··· PROVIDED DATA

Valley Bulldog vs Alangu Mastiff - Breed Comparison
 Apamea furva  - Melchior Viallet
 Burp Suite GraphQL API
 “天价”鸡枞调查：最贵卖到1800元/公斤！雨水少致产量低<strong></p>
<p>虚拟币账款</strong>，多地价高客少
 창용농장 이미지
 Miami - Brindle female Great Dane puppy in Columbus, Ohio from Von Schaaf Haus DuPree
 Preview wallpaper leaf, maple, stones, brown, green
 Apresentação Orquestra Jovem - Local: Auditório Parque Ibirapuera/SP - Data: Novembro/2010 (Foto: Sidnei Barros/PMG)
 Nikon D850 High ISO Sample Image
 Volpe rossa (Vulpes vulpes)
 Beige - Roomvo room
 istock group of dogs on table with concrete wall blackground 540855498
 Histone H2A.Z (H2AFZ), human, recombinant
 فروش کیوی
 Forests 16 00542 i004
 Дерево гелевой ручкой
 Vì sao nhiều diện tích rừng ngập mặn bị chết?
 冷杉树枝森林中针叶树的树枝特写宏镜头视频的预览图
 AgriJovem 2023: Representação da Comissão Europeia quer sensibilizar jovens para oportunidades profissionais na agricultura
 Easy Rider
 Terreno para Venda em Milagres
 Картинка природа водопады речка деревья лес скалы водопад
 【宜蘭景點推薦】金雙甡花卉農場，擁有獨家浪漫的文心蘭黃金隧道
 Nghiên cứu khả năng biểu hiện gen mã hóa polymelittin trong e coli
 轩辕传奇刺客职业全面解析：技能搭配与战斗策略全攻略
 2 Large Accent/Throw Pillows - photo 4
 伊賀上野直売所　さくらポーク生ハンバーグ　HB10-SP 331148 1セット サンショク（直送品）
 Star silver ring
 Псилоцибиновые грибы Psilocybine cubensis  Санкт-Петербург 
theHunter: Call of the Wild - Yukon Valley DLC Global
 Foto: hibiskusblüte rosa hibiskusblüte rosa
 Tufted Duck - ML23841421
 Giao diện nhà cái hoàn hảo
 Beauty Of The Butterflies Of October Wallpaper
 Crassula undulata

······

§ REQUIRED ACTION
Answer with one number only: how many lines of the entries above include the word "Foto"?

§ EXPECTED ANSWER
2